Uber wanted to avoid an injunction against its self-driving car development program at all costs. And in that the company would apear to have scored a partial win. While Levandowski can’t be involved with LiDAR, the company can take up others to carry on his work while the former Waymo employees turns his attention to some other department. As far as we can see, Levandowski will continue to have a position at Uber.
Meanwhile, Judge Alsup, who was presiding over the case, has ruled that whether or not Uber wantonly deployed the documents Levandowski allegedly stole from Waymo — the fact remains that information from Waymo’s tech had leaked into Uber’s. The judge made this ruling regardless of whether any Waymo documents said to be stolen were found or not fond on the cab aggregator’s computers.
To compound Uber’s worries, the ruling also gives Waymo the right to:
Inspect any and all aspects of defendants’ ongoing work involving LiDAR – including, without limitation, schematics, work orders, source code, notes and emails – whether or not said work resulted in any prototype or device.
That is not the kind of power you would want one of your largest business competitors to have. What’s more, Waymo could also keep hunting for any other potential clues that could help it reopen the case and get an injunction against Uber. And yes, it could well allow Waymo to keep an eye on the progress Uber is making with its self-driving car development program.
Speaking with the TechCrunch, the cab aggregator said:
We are pleased with the court’s ruling that Uber can continue building and utilizing all of its self-driving technology, including our innovation around LiDAR. We look forward to moving toward trial and continuing to demonstrate that our technology has been built independently from the ground up.
Waymo’s reply meanwhile, showed that the company wasn’t done with its investigations quite yet.

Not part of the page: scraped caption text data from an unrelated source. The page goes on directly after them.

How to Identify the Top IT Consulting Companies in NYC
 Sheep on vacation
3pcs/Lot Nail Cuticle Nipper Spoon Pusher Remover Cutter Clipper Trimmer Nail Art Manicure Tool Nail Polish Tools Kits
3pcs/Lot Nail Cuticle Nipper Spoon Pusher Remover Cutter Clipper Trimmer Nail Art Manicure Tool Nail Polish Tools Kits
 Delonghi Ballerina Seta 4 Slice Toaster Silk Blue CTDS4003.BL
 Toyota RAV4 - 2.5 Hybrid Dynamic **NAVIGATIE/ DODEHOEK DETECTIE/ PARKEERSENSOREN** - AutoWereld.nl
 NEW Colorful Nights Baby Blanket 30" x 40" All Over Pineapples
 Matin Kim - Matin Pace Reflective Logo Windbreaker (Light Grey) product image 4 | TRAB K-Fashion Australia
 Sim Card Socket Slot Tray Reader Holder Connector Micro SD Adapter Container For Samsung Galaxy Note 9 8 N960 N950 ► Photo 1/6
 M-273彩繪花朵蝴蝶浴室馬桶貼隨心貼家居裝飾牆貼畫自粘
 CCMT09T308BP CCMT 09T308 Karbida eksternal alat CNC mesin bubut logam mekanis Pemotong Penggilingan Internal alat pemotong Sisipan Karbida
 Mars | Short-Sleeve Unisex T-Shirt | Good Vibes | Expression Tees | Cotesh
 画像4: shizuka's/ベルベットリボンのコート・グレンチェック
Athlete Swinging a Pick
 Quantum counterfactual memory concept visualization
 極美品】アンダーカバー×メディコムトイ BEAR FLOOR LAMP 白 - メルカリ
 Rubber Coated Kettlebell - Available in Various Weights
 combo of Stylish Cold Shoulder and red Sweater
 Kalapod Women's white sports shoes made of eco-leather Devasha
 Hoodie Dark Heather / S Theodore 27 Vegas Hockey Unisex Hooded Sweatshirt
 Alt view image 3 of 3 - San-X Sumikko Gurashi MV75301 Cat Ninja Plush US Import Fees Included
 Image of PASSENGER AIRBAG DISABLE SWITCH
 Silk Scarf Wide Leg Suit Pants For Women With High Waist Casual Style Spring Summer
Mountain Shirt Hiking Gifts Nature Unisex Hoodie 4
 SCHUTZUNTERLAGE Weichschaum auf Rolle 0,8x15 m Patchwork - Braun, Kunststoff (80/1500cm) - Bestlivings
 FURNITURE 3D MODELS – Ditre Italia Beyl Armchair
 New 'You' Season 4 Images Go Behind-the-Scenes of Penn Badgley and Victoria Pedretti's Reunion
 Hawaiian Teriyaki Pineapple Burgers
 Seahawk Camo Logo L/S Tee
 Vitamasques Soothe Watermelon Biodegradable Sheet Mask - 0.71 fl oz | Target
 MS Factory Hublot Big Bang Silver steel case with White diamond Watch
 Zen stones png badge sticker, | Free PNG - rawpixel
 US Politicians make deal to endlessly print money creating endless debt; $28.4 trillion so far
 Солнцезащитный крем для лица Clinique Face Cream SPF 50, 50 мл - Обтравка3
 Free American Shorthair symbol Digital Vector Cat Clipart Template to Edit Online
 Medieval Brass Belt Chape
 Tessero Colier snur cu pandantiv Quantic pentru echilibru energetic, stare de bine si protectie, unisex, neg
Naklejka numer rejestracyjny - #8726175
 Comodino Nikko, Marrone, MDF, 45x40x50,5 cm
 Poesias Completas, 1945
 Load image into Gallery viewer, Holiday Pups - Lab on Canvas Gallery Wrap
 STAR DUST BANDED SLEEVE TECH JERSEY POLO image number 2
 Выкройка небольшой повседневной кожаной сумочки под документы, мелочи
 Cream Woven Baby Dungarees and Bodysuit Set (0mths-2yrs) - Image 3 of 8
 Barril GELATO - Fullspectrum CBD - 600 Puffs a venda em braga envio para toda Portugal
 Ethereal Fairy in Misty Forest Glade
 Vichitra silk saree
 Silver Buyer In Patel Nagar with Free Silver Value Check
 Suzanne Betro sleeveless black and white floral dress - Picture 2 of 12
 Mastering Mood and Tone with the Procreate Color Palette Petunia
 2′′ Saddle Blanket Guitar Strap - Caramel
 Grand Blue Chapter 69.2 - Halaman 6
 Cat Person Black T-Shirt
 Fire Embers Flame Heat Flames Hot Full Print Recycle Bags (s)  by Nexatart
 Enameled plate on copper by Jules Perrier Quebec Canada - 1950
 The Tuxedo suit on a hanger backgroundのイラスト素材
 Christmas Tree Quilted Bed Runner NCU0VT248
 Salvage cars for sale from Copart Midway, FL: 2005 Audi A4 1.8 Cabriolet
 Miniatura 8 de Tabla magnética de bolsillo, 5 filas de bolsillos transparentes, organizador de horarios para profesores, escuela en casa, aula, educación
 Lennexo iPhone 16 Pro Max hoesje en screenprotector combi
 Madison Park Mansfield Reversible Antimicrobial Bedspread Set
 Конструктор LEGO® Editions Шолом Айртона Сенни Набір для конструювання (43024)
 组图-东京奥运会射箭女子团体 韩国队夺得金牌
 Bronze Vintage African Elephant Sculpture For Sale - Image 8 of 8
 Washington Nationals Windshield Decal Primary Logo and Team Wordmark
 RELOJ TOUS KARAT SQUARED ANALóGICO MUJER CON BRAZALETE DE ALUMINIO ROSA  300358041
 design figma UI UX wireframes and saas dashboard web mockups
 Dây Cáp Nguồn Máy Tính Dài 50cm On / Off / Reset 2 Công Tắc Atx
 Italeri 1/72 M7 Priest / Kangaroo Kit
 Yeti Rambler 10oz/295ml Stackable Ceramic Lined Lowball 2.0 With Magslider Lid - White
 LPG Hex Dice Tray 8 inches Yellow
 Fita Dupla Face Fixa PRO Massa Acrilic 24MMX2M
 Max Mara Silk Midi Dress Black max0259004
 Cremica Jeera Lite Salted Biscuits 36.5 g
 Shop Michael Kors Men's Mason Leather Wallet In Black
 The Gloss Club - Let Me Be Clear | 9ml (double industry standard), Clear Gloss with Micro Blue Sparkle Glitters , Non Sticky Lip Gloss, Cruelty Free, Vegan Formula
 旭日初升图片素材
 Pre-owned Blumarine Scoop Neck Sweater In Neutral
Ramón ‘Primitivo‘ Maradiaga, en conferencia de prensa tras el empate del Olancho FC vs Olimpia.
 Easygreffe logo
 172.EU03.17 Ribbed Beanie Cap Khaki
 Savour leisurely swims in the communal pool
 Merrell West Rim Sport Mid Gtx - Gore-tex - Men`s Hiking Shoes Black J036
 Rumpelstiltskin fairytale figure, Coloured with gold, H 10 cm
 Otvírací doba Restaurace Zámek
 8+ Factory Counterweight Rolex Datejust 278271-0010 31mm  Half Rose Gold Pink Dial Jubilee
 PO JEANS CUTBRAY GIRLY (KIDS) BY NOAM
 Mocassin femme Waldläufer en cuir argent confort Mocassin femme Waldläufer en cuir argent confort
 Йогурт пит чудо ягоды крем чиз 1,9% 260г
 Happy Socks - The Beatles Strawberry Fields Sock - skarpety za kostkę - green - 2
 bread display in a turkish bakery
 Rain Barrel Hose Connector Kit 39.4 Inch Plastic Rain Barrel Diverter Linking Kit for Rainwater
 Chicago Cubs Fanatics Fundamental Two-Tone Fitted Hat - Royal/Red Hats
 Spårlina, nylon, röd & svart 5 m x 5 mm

Competition should be fueled by innovation in the labs and on the roads, not through unlawful actions. We welcome the order to prohibit Uber’s use of stolen documents containing trade secrets developed by Waymo through years of research, and to formally bar Mr Levandowski from working on the technology. The court has also granted Waymo expedited discovery and we will use this to further protect our work and hold Uber fully responsible for its misconduct.
Overall, the decision is a blow to Uber. Regardless of whether he stole those files from Waymp or not, Levandowski is a self-driving car expert and the cab aggregator company went to quite some pains — not to mention expenses — to get him to work with it on the development of the tech. Now, it is likely to have to turn to researchers sourced from Carnegie Mellon, to lead the project.